А 27 мая, ничего не говоря о приговоре, поэта знакомят пока лишь с обвинительным за­ключением.

«Поскольку других обвинений в какой бы то ни было формулировке мне мне (дважды — ви­димо, от волнения.— Авт.) не было предъявлено считаю следствие, не зная за собой другой вины, правильным. О. Мандельштам».

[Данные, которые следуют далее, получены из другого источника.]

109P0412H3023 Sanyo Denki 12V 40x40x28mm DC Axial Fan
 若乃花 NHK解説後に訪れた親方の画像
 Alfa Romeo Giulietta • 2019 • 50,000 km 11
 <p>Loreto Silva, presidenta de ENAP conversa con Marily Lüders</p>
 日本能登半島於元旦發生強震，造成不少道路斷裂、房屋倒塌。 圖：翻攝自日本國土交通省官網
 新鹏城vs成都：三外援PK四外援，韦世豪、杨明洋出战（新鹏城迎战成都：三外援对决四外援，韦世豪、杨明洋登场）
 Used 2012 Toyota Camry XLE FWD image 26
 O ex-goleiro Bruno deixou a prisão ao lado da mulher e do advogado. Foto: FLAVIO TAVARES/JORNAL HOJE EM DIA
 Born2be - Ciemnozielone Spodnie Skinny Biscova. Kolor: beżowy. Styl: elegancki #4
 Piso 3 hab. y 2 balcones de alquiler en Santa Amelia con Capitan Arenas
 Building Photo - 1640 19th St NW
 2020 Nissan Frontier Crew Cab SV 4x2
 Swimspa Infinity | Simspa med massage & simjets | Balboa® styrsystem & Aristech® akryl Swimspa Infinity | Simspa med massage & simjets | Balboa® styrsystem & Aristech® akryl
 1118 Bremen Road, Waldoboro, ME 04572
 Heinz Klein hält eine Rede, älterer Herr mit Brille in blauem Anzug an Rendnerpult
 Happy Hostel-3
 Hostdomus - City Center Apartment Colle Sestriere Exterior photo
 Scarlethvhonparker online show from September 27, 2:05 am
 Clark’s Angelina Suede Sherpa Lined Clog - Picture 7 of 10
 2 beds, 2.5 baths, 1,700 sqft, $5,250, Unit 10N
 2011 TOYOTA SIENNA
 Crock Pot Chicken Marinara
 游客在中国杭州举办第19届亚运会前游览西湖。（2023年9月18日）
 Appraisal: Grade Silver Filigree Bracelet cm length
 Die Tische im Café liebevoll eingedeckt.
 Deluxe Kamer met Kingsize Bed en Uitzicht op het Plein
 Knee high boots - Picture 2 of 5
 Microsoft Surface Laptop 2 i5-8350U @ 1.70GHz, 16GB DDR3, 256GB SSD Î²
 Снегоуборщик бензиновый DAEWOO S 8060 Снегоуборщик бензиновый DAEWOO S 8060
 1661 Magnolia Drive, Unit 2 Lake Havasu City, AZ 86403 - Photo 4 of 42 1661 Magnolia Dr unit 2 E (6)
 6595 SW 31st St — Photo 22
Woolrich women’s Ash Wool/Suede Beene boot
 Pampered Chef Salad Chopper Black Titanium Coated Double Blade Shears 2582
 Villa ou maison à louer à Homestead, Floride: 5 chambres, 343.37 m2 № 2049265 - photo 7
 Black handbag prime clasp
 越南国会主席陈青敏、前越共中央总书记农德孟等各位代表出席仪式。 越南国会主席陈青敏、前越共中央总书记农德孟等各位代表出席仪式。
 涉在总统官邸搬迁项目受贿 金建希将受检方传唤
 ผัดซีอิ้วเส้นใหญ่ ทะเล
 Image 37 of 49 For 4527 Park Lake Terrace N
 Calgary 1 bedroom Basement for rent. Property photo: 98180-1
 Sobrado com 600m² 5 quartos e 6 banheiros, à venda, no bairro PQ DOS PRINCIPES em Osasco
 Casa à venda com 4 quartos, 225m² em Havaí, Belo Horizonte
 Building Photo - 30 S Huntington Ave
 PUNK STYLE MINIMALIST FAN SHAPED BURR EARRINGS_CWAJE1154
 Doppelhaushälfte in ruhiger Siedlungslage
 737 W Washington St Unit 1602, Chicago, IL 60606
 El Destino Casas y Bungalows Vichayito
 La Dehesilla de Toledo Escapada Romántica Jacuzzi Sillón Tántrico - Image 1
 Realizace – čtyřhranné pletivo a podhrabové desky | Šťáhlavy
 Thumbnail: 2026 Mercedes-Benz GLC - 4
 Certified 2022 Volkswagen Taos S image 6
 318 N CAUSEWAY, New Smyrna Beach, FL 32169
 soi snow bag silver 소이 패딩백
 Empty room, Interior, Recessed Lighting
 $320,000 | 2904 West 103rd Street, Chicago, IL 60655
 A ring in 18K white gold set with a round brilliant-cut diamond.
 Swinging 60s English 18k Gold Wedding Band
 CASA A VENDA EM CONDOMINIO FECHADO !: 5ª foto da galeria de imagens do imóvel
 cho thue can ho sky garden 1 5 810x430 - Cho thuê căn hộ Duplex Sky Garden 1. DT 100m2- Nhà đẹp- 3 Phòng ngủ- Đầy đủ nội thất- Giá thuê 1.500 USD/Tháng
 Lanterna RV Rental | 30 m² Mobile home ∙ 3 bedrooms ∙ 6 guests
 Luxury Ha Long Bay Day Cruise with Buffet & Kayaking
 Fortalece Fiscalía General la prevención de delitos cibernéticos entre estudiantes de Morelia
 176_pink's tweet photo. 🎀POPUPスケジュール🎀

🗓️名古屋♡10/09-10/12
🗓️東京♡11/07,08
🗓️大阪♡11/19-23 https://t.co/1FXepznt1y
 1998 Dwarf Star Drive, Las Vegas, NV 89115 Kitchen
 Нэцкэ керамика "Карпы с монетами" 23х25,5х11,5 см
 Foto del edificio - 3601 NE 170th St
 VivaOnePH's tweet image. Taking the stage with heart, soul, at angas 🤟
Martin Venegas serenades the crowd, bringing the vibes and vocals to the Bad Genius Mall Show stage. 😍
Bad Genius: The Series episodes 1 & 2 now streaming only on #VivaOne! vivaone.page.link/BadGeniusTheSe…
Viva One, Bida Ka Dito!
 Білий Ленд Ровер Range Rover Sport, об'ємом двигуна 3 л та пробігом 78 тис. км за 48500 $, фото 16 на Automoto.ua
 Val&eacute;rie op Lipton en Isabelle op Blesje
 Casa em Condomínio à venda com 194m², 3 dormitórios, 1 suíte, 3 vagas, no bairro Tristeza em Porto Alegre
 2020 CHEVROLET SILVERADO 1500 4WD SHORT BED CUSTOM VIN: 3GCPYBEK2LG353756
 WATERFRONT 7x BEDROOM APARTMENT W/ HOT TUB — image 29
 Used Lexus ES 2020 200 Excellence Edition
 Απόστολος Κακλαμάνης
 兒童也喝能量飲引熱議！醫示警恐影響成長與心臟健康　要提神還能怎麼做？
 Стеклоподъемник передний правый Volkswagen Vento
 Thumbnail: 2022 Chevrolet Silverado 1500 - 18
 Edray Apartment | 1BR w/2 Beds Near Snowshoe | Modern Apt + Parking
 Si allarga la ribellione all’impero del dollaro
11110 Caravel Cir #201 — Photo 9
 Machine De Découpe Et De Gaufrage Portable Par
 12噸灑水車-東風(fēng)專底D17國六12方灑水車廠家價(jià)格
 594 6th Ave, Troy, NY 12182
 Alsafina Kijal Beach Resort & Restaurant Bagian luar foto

Далее — служебные записки.

«Коменданту ОГПУ.

Просьба выделить спецконвой на 28/V—с. г. для сопровождения в гор. Чердынь, в распоря­жение Чердынского райотделения ОГПУ, осуж­денного Мандельштам Осипа Эмильевича, содер­жащегося во Внутреннем изоляторе ОГПУ.

Исполнение сообщите.

Основание: распор. секретаря Колл. ОГПУ т. Буланова. <…>

ПОМ. НАЧ. УСО ОГПУ Зубкин.

ПОМ. НАЧ. 2 ОТД. Мишустин.

27/V—34 г.».

«СССР. ОГПУ. Секретно — Политический отдел 28 мая 1934 г.

Тов. В. Срочно. УСО ОГПУ (2 отделение).

Просьба отправить вместе с направляемым спецконвоем в ссылку Мандельштама жену его Мандельштам Надежду Яковлевну.

ПОМ. НАЧ. СПО ОГПУ: ГОРБ».

Наконец, прелюбопытнейший документ — символ времени:

«НАЧ. ЧЕРДЫНСКОГО РАЙОТДЕЛЕНИЯ ОГПУ г. Чердынь.

Копия: НАЧ. УСО ПП ОГПУ СВЕРДЛ. ОБЛ. г. Свердловск.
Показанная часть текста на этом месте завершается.